En projet actuellement dans la tiroirs du gouvernement : l’augmentation du forfait hospitalier qui passerait de 15 à 20€ par jour soit 25% d’augmentation mais également le dé-remboursement de certains médicaments comme les anti-douleurs (paracétamol; aspirine). Cette mesure viserait à réduire le déficit de la sécurité sociale estimé à 20 milliards en 2009. Par ailleurs, n’oublions pas ce déficit est inférieur aux 30 milliards distribués aux banques l’an dernier sous couvert de la crise économique, banques qui n’ont pas plus prêté aux particuliers qu’auparavant.
Pour Jean-Marie Le Guen, médecin et député PS, président du conseil d’administration de l’AP-HP (Assistance Publique -Hôpitaux de Paris), après les franchises médicales, cette forte augmentation du forfait hospitalier journalier pénalisera fortement les plus fragiles, ceux qui n’ont ni la CMU, ni une couverture complémentaire soit 10 à 12% de la population.

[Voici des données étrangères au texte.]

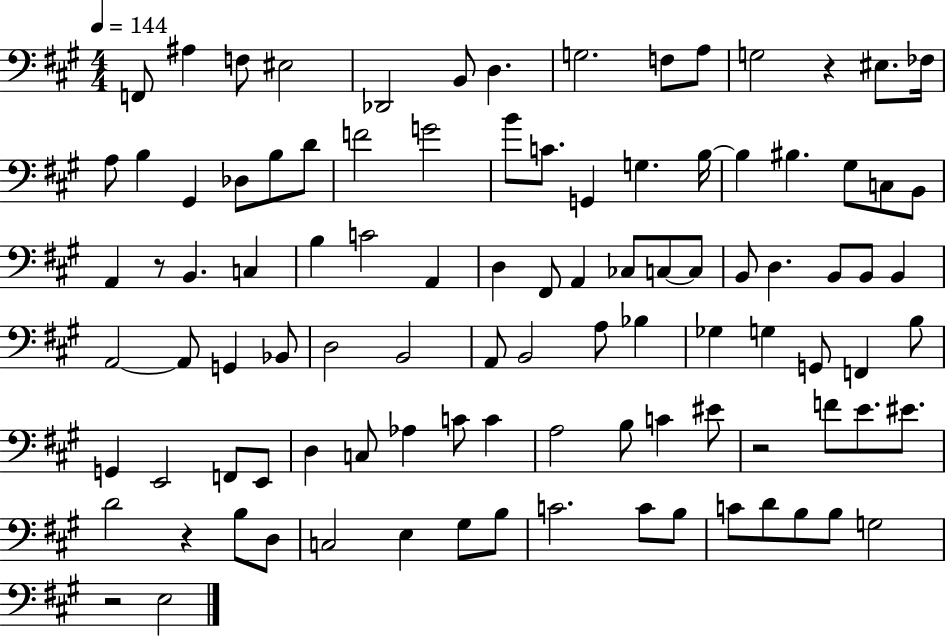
X:1
T:Untitled
M:4/4
L:1/4
K:A
F,,/2 ^A, F,/2 ^E,2 _D,,2 B,,/2 D, G,2 F,/2 A,/2 G,2 z ^E,/2 _F,/4 A,/2 B, ^G,, _D,/2 B,/2 D/2 F2 G2 B/2 C/2 G,, G, B,/4 B, ^B, ^G,/2 C,/2 B,,/2 A,, z/2 B,, C, B, C2 A,, D, ^F,,/2 A,, _C,/2 C,/2 C,/2 B,,/2 D, B,,/2 B,,/2 B,, A,,2 A,,/2 G,, _B,,/2 D,2 B,,2 A,,/2 B,,2 A,/2 _B, _G, G, G,,/2 F,, B,/2 G,, E,,2 F,,/2 E,,/2 D, C,/2 _A, C/2 C A,2 B,/2 C ^E/2 z2 F/2 E/2 ^E/2 D2 z B,/2 D,/2 C,2 E, ^G,/2 B,/2 C2 C/2 B,/2 C/2 D/2 B,/2 B,/2 G,2 z2 E,2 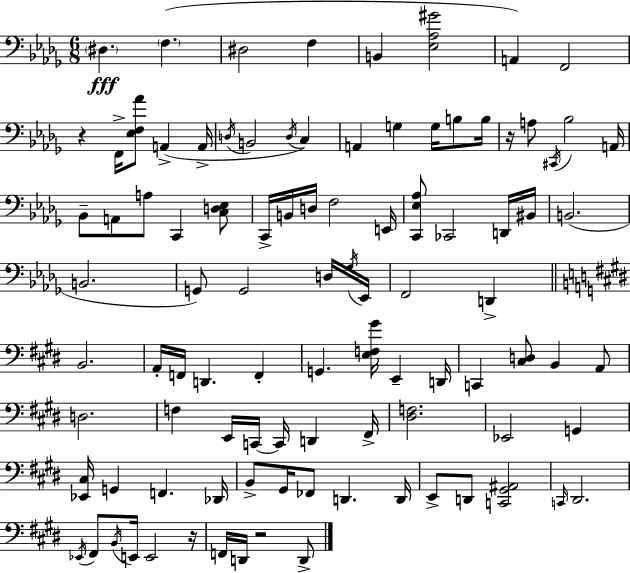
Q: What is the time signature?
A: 6/8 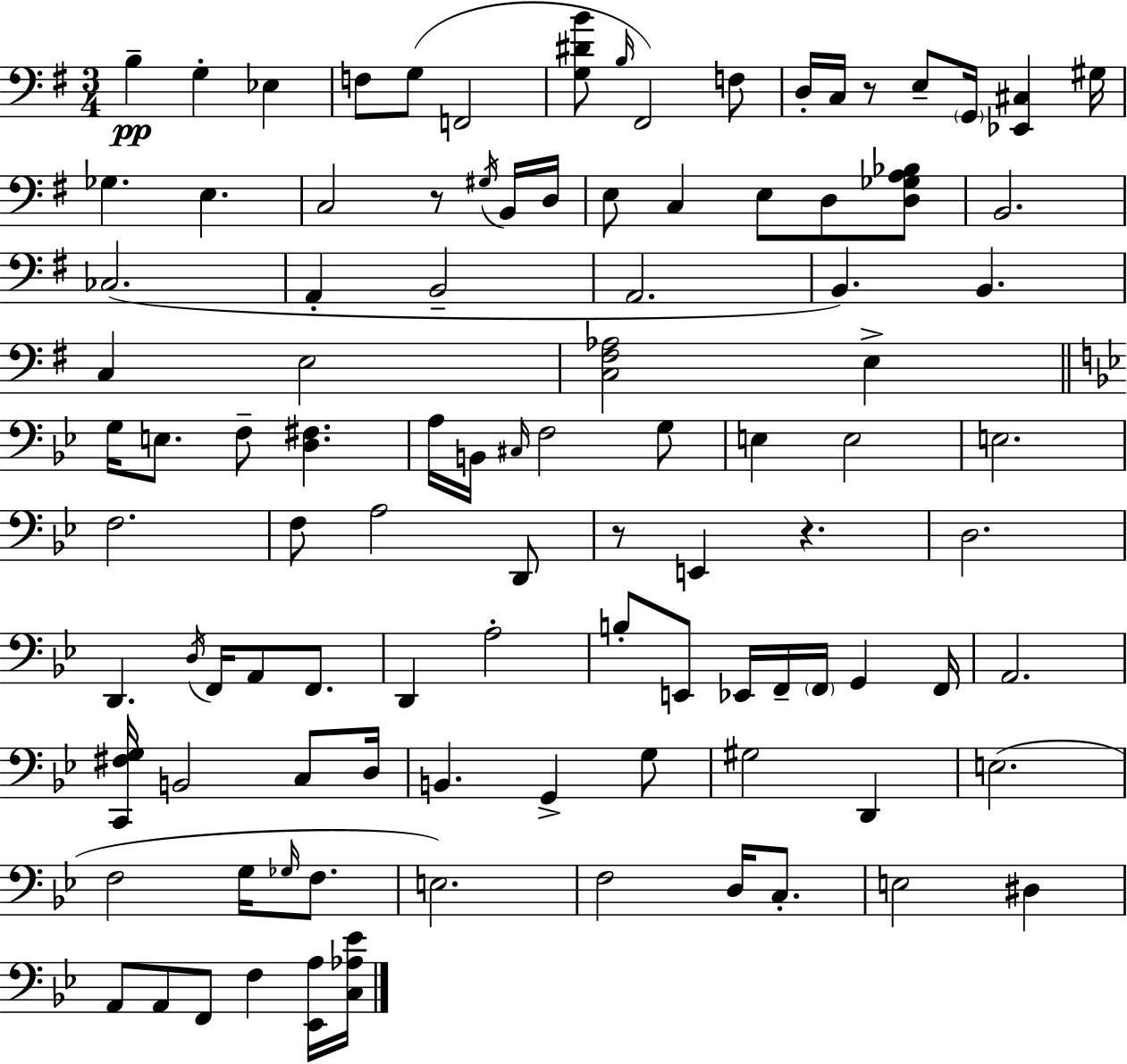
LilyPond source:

{
  \clef bass
  \numericTimeSignature
  \time 3/4
  \key g \major
  \repeat volta 2 { b4--\pp g4-. ees4 | f8 g8( f,2 | <g dis' b'>8 \grace { b16 } fis,2) f8 | d16-. c16 r8 e8-- \parenthesize g,16 <ees, cis>4 | \break gis16 ges4. e4. | c2 r8 \acciaccatura { gis16 } | b,16 d16 e8 c4 e8 d8 | <d ges a bes>8 b,2. | \break ces2.( | a,4-. b,2-- | a,2. | b,4.) b,4. | \break c4 e2 | <c fis aes>2 e4-> | \bar "||" \break \key g \minor g16 e8. f8-- <d fis>4. | a16 b,16 \grace { cis16 } f2 g8 | e4 e2 | e2. | \break f2. | f8 a2 d,8 | r8 e,4 r4. | d2. | \break d,4. \acciaccatura { d16 } f,16 a,8 f,8. | d,4 a2-. | b8-. e,8 ees,16 f,16-- \parenthesize f,16 g,4 | f,16 a,2. | \break <c, fis g>16 b,2 c8 | d16 b,4. g,4-> | g8 gis2 d,4 | e2.( | \break f2 g16 \grace { ges16 } | f8. e2.) | f2 d16 | c8.-. e2 dis4 | \break a,8 a,8 f,8 f4 | <ees, a>16 <c aes ees'>16 } \bar "|."
}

Cette hausse pourrait être une cause de “renoncement aux soins ou une ponction supplémentaire dans leur pouvoir d’achat.“
“Ce n’est pas en faisant payer les plus pauvres qu’on sauvera la Sécurité Sociale et les hôpitaux mais en les dotant d’une bonne gestion et de recettes suffisantes” estime le député. “Il faut relancer l’emploi et éviter de dépenser l’argent auprès de laboratoires” (vaccins anti-grippe qui risquent d’arriver trop tard, non connaissance de leur innocuité).
L’accès à la santé et à l’égalité des soins est pour ma part un droit fondamental. Il est clair que le gouvernement se dirige peu à peu vers une privatisation de notre système de santé au profit de grands groupes privés. Aujourd’hui, nous pouvons constater dans les structures sociales que le premier poste d’économie dans les familles se fait sur la santé avec l’arrêt des cotisations aux mutuelles complémentaires par exemple. les collectivités via les maisons de la solidarité ou les Centre communaux d’action sociale sont désormais amenés à aider ceux qui ne peuvent plus se soigner via l’aide sociale.
Nous avons pu constater que les pays qui ont d’ors et déjà privatisé leur système de santé (les anglo-saxons entre autre) sont en train de trouver des solutions pour faire machine arrière. Alors pourquoi ne pas profiter des erreurs de nos voisins pour éviter de faire les mêmes?
La mise en place de telles mesure est clairement un affront aux personnes les plus fragiles et aux revenus les plus modestes. L’égalité à l’accès aux soins est sérieusement remise en cause.